# Janie Belle



## horse_luver4e (Jul 12, 2007)

This is my storey,

My obsession started in the 4th grade and this girl was my friend and sat beside me. Well she loved horses and got me interested in them a little. I started looking at horse books and pics of them on the computer. I soon was hooked and caught the 'Horse Bug'! I rode for the first time on a trail ride at a riding stable on a Girl Scout trip.
After that come to find out my 3rd grade teacher had horses and her daughter gave lessons. I rode a horse named Leo to start out with in a round pen for a while. When I was ready, I rode a 2 year old stallion named Willy sweetest thing on earth! He was calmer than Leo and Leo was 7 years old. But after that I rode Poise a 20 year old doll. She was an ex barrel racer, jumper, and western pleasure horse from Texas. We had so much fun on the trails trading off on these horses. We even went on a big trail ride with alot of people. Leo ran off with me but it was fun any way. It was all fine and dandy till my teacher (owner of the horses) had back problems and couldn't care for the horses no longer. Leo and his brother Cody (the horse my mom rode) sold first then the others. I was heart broken till a while later my mom met a dog groomer who had horses and gave english lessons. I had allways wanted to try english and I was soon taking lessons there. I rode a big red horse named Wolfie for a while, then went on a fat roan mare named Cassie. We jumped and did dressage but nothing fancy becuase to tell you the truth, that horse needed work!

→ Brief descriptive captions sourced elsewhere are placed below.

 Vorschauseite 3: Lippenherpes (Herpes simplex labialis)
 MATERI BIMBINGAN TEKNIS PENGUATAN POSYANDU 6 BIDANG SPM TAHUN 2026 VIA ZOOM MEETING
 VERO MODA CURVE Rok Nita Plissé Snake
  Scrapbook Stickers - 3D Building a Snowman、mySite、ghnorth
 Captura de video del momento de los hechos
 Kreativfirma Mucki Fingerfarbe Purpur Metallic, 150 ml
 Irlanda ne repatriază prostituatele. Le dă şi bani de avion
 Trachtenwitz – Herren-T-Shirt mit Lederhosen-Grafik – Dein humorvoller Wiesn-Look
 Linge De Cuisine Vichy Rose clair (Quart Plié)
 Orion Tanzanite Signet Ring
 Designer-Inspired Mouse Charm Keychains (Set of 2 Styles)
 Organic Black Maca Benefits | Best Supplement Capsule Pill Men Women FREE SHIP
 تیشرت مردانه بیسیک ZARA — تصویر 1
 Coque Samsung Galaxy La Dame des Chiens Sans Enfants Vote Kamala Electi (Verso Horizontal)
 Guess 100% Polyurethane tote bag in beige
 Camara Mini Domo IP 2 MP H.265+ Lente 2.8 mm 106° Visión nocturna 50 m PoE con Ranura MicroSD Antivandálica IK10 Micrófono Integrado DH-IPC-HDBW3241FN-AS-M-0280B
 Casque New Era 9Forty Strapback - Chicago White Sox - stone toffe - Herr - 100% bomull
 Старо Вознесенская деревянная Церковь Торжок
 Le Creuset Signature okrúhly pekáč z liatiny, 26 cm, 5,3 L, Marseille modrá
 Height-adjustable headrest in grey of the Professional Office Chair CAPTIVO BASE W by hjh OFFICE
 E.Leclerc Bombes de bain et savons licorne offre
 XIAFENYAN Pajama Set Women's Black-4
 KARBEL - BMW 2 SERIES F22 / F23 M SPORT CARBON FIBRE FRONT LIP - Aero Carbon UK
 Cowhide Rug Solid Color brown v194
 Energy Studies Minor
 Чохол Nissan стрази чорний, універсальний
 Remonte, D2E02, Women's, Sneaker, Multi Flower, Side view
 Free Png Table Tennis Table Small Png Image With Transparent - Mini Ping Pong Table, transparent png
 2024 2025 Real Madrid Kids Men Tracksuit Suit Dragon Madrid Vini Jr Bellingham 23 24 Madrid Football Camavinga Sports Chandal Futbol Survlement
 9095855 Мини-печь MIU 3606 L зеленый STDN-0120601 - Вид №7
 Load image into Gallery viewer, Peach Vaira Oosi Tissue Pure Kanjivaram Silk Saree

But I still loved to ride and then we started talking about 4-H. Heres were things fell!
We had a 4-H group all made up my instructor was the leader and after the first two meetings she cancelled two more. Then we found out we couldn't go to the fair becuase we didn't have the papers to turn in June 1st we were heart broken and it had been the second time to be heart broken for me!
I had been riding for 6 years and finnaly my parents decided it was time to get a horse! I was so happy becuase it was such a huge deal for me! None of my friends cared becuase horses wern't there thing but I didn't care I was getting my own horse!
We looked at about 5 horses and then I rode Belle we just kinda connected and I knew I had to get her! We started a 'Horsey Fund' lol to raise money to buy Janie Belle and every cent I earned went into it. The day I bought Janie Belle had to be the best day in a long time and I still say my best friend is a friend that doesn't speak.~


----------